Entra Provision On Demand PowerShell Module

It’s 2026 and somehow I keep finding myself back in 2016, integrating heritage applications into modern Identity & Access Management solutions. I’m still writing connectors that integrate the Microsoft Entra outbound provisioning service with SaaS and legacy on‑premises apps using ECMA connectors.

Once you’re in the develop → test → deploy loop, you’re constantly fixing mappings and expressions, replaying failures, and resyncing accounts. That’s where the Entra Provision On Demand PowerShell module comes in.

Instead of installing the Microsoft Graph PowerShell modules and wiring everything yourself, you get a slim, no‑dependency set of cmdlets to connect to Entra ID, enumerate provisioning‑enabled Enterprise Apps, inspect jobs and rules, and trigger on‑demand provisioning for individual objects or batches. Most of the time you’ll be querying the provisioning logs, finding accounts with sync errors, fixing a rule or expression, and then re‑submitting them via Provision on demand programmatically rather than click‑ops in the Entra portal.

Installation

Available on GitHub and the PowerShell Gallery.
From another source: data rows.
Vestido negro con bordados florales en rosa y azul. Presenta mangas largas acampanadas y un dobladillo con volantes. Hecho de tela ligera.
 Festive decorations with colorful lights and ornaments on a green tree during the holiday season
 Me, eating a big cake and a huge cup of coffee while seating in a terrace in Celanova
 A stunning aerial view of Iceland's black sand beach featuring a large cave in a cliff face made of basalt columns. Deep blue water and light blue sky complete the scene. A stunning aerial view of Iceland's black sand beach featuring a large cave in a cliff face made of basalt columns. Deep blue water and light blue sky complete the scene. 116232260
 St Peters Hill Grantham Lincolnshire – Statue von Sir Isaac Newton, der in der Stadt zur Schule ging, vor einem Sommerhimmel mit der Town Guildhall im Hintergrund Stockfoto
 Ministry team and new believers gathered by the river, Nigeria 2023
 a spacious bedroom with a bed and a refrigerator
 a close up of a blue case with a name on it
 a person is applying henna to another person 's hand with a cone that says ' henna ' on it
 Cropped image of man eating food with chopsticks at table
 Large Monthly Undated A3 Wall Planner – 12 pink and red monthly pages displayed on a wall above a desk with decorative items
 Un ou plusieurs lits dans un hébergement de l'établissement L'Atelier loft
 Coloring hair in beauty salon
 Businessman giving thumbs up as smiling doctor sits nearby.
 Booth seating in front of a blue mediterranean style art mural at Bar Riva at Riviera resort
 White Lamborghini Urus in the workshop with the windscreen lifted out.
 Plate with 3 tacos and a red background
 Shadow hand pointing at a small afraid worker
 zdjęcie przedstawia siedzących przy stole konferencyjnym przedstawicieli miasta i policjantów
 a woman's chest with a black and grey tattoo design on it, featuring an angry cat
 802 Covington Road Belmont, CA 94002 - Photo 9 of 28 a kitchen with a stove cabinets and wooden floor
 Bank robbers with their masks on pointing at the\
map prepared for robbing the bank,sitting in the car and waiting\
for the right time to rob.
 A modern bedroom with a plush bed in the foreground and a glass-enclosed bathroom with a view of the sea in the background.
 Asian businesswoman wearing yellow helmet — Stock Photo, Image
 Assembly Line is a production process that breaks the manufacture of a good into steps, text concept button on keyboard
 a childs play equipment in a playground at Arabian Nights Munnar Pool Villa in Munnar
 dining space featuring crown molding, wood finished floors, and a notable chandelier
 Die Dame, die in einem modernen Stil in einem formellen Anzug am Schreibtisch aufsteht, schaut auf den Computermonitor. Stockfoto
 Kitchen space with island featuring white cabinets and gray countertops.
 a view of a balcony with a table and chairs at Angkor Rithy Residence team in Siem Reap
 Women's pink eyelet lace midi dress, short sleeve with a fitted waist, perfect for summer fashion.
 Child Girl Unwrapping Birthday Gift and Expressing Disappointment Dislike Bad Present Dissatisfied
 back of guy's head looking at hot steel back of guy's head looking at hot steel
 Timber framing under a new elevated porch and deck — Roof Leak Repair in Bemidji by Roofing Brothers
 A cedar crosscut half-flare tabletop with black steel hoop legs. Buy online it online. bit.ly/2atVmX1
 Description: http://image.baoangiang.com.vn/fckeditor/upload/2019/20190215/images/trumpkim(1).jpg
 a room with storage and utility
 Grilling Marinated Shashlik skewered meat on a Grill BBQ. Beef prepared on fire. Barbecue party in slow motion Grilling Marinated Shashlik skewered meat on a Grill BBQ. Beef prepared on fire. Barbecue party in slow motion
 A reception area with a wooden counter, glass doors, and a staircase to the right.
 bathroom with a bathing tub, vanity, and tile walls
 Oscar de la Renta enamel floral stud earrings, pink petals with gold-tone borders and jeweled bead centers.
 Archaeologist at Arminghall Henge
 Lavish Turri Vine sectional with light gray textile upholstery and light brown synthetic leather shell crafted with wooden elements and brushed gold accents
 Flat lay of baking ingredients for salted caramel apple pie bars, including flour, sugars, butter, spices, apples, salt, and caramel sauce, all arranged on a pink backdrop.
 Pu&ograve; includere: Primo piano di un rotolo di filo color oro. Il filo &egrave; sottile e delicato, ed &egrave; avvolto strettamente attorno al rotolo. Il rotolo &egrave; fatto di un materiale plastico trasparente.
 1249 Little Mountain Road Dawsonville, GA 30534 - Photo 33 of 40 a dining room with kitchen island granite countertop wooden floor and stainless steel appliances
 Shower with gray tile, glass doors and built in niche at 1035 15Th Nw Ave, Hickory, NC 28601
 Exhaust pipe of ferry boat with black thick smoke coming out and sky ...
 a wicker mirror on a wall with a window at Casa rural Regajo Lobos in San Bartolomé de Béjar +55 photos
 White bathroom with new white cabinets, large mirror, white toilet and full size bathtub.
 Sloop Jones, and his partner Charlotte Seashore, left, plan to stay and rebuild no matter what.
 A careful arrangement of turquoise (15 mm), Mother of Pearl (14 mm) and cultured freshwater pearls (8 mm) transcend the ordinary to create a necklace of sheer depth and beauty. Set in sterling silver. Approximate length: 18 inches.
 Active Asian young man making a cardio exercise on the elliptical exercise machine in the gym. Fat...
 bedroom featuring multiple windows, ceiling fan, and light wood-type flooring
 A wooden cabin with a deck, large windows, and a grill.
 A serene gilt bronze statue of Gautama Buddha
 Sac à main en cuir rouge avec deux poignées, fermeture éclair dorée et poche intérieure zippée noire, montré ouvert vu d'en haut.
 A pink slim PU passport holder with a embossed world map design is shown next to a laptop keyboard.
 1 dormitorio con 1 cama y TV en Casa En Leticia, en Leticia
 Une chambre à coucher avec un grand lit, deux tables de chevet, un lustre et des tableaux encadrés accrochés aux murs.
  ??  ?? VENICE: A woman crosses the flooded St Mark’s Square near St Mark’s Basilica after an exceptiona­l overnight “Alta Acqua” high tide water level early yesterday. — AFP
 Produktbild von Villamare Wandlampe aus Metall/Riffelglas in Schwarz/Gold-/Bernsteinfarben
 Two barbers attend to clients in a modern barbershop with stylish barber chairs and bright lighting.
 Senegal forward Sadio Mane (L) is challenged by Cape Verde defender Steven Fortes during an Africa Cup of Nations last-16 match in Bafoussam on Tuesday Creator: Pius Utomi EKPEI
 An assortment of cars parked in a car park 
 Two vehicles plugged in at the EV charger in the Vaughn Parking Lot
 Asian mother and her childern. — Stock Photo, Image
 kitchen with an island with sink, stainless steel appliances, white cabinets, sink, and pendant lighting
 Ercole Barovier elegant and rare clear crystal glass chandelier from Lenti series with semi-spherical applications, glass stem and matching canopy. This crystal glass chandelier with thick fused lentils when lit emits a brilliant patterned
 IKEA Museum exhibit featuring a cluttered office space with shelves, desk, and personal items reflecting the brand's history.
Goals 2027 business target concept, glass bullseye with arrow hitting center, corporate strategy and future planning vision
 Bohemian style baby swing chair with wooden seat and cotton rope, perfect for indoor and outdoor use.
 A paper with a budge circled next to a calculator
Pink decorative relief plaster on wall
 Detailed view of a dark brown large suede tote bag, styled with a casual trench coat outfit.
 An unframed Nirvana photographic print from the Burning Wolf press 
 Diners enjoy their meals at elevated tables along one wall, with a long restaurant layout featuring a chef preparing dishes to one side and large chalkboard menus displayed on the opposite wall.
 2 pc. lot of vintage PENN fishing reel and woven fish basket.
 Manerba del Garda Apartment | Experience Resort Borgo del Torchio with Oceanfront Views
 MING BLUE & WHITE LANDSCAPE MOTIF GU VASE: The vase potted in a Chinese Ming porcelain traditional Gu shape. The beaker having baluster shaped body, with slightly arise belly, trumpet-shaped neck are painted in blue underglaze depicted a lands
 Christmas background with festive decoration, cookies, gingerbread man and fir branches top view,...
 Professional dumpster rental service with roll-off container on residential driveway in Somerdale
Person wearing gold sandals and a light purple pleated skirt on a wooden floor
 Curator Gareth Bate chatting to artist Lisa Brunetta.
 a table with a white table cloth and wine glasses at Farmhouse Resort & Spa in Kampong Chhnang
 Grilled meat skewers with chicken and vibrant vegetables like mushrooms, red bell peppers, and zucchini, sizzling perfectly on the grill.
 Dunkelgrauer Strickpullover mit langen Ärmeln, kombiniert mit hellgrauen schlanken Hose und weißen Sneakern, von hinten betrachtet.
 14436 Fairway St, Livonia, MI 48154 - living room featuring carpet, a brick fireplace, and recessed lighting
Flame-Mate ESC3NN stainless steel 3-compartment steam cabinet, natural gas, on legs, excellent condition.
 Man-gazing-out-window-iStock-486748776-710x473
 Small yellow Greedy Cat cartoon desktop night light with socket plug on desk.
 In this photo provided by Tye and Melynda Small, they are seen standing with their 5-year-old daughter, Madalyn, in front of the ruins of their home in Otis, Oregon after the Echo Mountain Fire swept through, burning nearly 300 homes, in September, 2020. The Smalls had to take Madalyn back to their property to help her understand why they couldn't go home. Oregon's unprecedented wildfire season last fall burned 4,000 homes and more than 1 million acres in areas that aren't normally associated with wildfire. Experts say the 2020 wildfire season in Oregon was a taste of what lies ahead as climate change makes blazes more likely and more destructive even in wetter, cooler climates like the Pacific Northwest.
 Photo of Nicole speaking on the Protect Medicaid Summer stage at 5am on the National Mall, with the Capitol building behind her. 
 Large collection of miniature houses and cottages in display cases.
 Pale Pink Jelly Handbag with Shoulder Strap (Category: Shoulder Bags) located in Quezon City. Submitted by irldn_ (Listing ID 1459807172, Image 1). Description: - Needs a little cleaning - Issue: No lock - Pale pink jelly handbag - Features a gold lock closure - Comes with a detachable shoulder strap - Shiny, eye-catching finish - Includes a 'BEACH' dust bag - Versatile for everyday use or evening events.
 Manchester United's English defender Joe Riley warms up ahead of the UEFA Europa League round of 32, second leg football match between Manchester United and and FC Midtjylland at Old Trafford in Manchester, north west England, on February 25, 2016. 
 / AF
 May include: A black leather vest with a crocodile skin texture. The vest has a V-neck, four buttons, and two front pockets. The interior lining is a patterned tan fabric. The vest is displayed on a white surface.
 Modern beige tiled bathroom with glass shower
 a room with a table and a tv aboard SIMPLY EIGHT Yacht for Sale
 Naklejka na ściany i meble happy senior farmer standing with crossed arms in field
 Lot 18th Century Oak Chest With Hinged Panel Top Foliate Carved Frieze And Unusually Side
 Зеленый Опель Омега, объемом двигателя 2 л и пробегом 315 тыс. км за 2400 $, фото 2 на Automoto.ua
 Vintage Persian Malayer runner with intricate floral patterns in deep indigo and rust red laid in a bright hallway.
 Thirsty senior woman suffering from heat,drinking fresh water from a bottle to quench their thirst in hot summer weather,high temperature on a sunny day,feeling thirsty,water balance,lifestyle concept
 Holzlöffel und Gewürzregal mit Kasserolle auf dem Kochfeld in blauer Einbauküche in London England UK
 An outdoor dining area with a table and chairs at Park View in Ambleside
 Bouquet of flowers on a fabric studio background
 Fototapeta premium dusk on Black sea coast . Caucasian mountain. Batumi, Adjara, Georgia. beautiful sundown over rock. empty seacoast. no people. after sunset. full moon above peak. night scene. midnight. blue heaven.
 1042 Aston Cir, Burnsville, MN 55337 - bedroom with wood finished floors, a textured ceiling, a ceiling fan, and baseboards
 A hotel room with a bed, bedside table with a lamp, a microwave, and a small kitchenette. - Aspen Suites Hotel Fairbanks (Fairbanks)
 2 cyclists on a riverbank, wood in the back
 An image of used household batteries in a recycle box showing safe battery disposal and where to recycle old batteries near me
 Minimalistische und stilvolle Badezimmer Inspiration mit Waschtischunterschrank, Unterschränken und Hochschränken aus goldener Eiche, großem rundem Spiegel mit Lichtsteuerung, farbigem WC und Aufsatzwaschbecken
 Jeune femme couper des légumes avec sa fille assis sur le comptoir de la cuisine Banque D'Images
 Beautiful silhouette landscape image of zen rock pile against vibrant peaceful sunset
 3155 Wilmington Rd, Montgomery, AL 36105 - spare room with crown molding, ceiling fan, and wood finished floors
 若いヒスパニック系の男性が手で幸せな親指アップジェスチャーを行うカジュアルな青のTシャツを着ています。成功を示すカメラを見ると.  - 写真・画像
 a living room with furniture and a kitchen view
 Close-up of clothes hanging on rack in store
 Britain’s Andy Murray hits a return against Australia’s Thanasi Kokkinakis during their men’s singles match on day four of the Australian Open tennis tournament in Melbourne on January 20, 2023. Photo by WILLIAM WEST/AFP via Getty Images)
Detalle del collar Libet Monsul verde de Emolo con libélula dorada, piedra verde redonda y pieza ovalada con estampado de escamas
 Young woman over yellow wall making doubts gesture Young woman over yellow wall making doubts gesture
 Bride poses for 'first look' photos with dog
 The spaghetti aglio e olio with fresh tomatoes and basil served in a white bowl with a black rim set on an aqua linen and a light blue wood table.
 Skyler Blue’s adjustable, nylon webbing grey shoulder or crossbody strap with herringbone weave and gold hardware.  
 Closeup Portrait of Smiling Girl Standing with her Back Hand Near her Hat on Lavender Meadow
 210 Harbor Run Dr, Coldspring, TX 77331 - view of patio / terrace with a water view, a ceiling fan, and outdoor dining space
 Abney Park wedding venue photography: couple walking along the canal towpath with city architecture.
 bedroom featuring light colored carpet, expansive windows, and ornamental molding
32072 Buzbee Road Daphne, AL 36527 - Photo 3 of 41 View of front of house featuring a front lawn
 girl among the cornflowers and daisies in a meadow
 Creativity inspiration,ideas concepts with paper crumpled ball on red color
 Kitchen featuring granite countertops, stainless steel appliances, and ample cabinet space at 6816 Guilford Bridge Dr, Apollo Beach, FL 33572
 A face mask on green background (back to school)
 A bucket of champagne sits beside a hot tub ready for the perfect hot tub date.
Install from the PowerShell Gallery with:

Install-Module EntraProvisionOnDemand

Quick Start

The following example connects to Entra, discovers a provisioning app and job, gets the sync rule, and then provisions a single on‑prem user on demand. There are more examples in the GitHub Repo.

# Import the module
Import-Module EntraProvisionOnDemand

# Connect to Microsoft Graph (interactive)
Connect-EntraProvisioning -TenantId "contoso.onmicrosoft.com"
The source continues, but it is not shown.